Ruby und Jessicas Geschichte

Wir wissen nicht, wer die frühen Brandanschläge durchgeführt hat, aber im Juli 2017 übernahmen Ruby Montoya und Jessica Reznicek öffentlich die Verantwortung für die Reihe an Anschlägen, die im November begonnen hatten. Als katholische Arbeiterinnen, die sich der Gewaltlosigkeit verschrieben hatten, waren sie gegen die DAPL und die gesamte Infrastruktur der fossilen Energien, die sie als Verkörperungen und Beschleuniger von Gewalt sahen. Sie wurden auf die normale Weise radikalisiert: sie hatten alle Taktiken durchprobiert, die das System genau deswegen gutheißt, weil sie ineffektiv sind – zu Gerichtsverhandlungen gehen, Unterschriften sammeln, an Demos, Boykotten, Hungerstreiks teilnehmen. Als sie sich dem zivilen Ungehorsam zuwandten, erlebten sie zum ersten Mal Erfolg durch ihre Teilnahme am Mississippi Stand, wo Abriegelungen Bauprojekte manchmal stundenlang aufhielten.

Ausgebrannter Bagger

Ausgebrannter Bagger

Sie wussten, dass sie mehr tun mussten, also dachten sie gemeinsam darüber nach, wie sie Bauausrüstung langfristig betriebsunfähig machen konnten. Da sie keine Erfahrung mit Sabotage hatten, entschieden sie sich für Brandstiftung als Taktik für ihre erste Aktion. Sie verbrannten erfolgreich sechs Stück schwere Maschinerie, indem sie Brandsätze aus Benzin, Motorenöl und Lumpen in Kaffeedosen anzündeten.

Ausgebrannter Bagger

Ausgebrannter Bagger

Überirdischer Teil der DAPL an abgestelltem Ventil

Überirdischer Teil der DAPL an abgestelltem Ventil

Pipeline beschädigt durch Schweißbrenner

Pipeline beschädigt durch Schweißbrenner

Dann entschieden sie, dass sie die Fertigstellung am effektivsten behindern konnten, indem sie Leitungen beschädigten, die schon im Boden waren, und so den Konzern zwangen, Abschnitt um Abschnitt auszugraben und zu ersetzen. Sie erforschten, wie man Stahl beschädigt, und entschieden sich für Acetylen-Sauerstoff-Schweißbrenner, um Rohre an überirdischen zugedrehten Ventilen zu beschädigen. Nachdem sie sich die notwendige Ausrüstung zugelegt hatten, brannten sie zwischen März und Mai 2017 Löcher in Ventile überall in der Pipeline und griffen auf Brandstiftung zurück, als ihnen zeitweilig die Sauerstoff-Acetylen-Behälter ausgingen.

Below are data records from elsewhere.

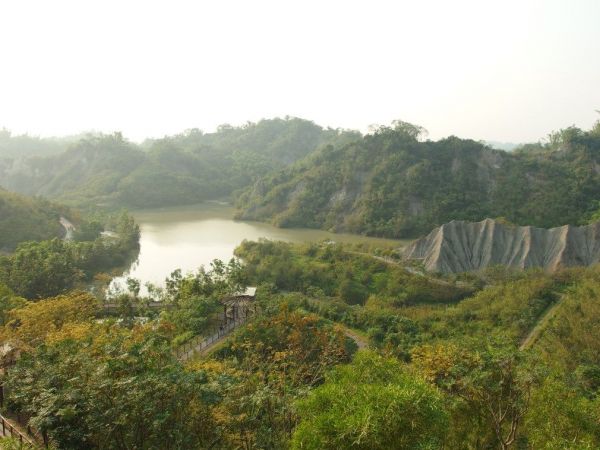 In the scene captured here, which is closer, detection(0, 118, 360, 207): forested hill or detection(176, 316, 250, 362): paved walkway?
detection(176, 316, 250, 362): paved walkway

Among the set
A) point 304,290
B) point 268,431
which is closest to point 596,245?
point 304,290

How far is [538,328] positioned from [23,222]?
35.6 meters

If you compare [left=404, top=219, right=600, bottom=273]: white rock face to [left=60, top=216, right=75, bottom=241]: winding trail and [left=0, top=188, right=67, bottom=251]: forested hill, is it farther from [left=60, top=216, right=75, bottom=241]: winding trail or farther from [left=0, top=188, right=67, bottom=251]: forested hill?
[left=0, top=188, right=67, bottom=251]: forested hill

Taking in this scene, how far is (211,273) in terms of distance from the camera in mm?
23031

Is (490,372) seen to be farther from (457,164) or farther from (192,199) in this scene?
(192,199)

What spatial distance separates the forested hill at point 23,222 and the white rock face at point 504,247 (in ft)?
91.3

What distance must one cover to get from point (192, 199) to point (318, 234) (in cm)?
3139

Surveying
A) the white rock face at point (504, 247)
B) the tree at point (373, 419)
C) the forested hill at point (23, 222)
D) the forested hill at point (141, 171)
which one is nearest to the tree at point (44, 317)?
the tree at point (373, 419)

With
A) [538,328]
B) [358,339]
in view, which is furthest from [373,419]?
[538,328]

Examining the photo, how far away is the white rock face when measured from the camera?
27.2 metres

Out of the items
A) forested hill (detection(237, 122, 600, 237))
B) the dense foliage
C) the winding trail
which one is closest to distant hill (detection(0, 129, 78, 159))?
the winding trail

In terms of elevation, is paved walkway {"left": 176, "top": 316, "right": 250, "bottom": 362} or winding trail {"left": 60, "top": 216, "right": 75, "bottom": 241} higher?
winding trail {"left": 60, "top": 216, "right": 75, "bottom": 241}

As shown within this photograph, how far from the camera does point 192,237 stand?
41594 mm

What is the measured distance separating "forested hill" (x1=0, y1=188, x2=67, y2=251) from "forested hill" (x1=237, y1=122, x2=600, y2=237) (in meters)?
22.2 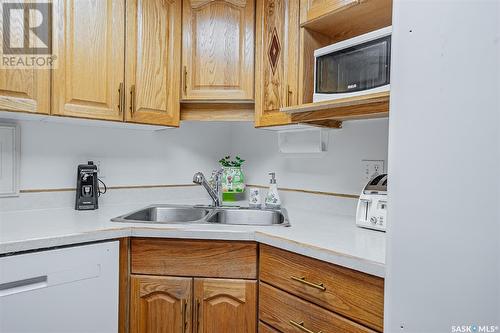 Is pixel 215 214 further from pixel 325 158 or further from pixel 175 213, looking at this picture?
pixel 325 158

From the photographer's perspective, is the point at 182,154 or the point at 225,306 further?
the point at 182,154

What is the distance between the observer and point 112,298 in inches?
51.0

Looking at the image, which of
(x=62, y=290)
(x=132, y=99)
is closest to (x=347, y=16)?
(x=132, y=99)

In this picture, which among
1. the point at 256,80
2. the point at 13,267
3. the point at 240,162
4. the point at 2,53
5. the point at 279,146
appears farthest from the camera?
the point at 240,162

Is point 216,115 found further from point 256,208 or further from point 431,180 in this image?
point 431,180

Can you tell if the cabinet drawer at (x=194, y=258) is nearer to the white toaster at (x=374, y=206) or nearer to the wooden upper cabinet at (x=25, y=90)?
the white toaster at (x=374, y=206)

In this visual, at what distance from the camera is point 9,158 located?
155 cm

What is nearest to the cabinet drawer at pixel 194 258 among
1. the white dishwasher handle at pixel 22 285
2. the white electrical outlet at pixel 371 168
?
the white dishwasher handle at pixel 22 285

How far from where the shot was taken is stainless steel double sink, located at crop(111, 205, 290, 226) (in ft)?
5.82

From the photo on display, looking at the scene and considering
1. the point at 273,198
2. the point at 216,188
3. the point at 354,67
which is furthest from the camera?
the point at 216,188

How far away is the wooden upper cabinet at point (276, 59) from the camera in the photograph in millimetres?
1501

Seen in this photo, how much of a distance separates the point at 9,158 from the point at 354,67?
1.61 m

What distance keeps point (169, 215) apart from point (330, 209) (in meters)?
0.91

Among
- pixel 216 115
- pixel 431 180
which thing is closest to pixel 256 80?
pixel 216 115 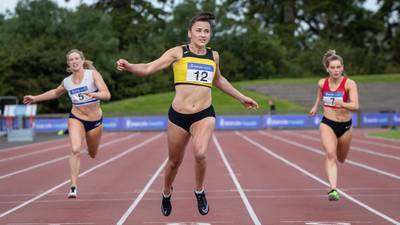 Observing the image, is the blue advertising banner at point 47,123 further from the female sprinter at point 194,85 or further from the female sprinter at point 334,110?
the female sprinter at point 194,85

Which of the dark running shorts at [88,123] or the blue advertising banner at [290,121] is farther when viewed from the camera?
the blue advertising banner at [290,121]

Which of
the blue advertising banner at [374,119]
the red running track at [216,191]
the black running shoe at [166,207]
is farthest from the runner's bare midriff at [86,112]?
the blue advertising banner at [374,119]

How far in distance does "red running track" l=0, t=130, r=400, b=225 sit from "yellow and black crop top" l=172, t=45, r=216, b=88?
1759 mm

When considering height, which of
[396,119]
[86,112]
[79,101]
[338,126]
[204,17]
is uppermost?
[204,17]

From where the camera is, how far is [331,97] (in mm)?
10102

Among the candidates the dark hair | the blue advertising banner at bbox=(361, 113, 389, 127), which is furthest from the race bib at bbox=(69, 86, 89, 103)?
the blue advertising banner at bbox=(361, 113, 389, 127)

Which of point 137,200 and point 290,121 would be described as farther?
point 290,121

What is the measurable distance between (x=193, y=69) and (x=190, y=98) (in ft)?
1.03

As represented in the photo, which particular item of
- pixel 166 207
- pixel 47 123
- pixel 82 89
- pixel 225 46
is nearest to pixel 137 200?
pixel 82 89

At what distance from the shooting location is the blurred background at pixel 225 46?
56188 millimetres

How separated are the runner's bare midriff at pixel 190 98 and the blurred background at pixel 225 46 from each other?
3228 cm

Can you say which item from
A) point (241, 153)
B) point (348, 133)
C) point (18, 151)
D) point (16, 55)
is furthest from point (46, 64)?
point (348, 133)

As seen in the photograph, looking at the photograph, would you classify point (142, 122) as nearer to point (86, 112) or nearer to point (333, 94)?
point (86, 112)

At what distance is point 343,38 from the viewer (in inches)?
3401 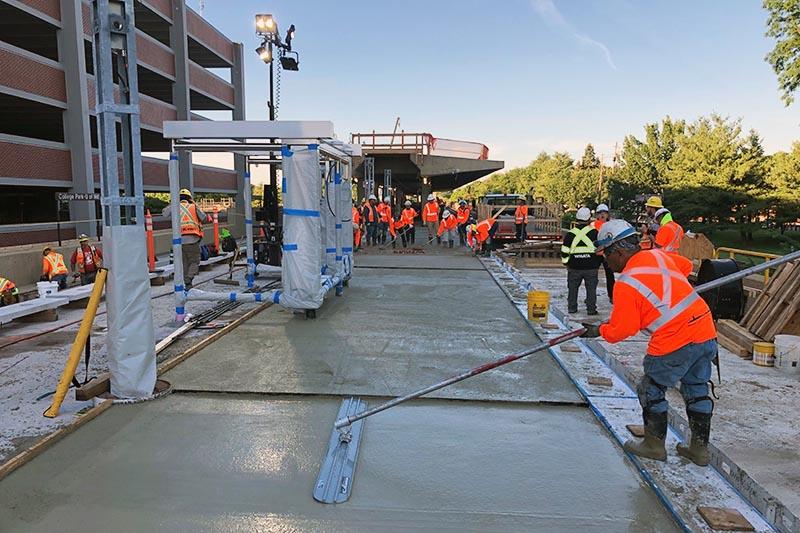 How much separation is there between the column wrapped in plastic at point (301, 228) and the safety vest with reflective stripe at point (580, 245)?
3.94m

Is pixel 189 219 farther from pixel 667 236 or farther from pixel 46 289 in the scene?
pixel 667 236

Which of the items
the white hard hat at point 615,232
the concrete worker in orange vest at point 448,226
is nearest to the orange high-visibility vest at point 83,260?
the white hard hat at point 615,232

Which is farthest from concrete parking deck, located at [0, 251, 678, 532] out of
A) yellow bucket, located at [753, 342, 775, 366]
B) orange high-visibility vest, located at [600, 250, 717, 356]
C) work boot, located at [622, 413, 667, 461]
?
yellow bucket, located at [753, 342, 775, 366]

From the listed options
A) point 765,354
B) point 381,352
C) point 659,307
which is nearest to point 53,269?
point 381,352

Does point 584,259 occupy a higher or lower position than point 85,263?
higher

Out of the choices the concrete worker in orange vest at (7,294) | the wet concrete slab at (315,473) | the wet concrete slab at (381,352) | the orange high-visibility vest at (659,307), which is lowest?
the wet concrete slab at (315,473)

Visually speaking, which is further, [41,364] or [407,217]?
[407,217]

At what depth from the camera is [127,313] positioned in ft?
15.0

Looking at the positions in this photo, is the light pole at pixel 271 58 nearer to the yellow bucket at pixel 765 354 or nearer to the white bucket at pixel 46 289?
the white bucket at pixel 46 289

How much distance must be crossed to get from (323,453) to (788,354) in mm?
5006

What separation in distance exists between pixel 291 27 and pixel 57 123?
14.9m

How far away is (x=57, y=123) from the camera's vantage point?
902 inches

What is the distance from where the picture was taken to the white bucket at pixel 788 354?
567 cm

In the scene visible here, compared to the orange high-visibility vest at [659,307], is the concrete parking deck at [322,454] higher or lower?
lower
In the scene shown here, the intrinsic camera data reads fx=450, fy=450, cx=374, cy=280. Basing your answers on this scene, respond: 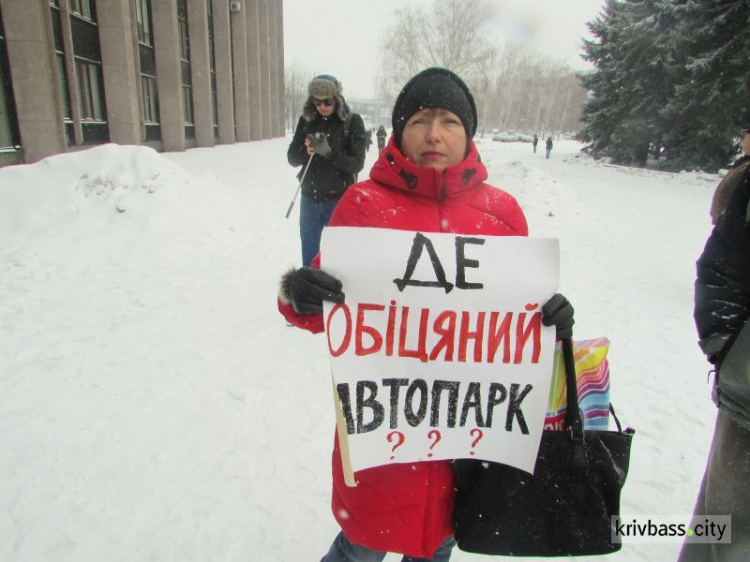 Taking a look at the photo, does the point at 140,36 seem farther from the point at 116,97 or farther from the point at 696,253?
the point at 696,253

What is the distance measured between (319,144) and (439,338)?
9.15 ft

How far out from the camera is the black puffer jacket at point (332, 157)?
12.6 ft

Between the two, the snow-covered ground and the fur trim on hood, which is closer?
the snow-covered ground

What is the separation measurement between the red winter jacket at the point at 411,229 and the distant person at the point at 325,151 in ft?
7.70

Überirdischer Teil der DAPL an abgestelltem Ventil

Überirdischer Teil der DAPL an abgestelltem Ventil

Pipeline beschädigt durch Schweißbrenner

Pipeline beschädigt durch Schweißbrenner

Es ist bemerkenswert, dass sie kein vertieftes Wissen zum Thema hatten, als sie mit ihrer Ökosabotage begannen, und es trotzdem schafften, einen ausgeklügelten und effektiven siebenminütigen „Überfall“ an einer Baustelle nach der anderen durchzuführen, oft ohne vorherige Planung. Jessica beschrieb einen großen Teil ihrer Arbeit als „nachlässig“, wie sie und Ruby in ihrer Presseveröffentlichung schrieben:

In unseren besonderen Umständen lernten wir, dass vorheriges Auskundschaften oft unsere Fähigkeit, sich spontan ergebende Gelegenheiten wahrzunehmen, behinderte. Also kamen wir mit unseren Schweißbrennern und unserer Schutzkleidung und fanden viele Baustellen vor, wir orientierten uns am “Vibe” jeder Situation und entschieden uns, da und dort zu handeln, oft am helllichten Tag.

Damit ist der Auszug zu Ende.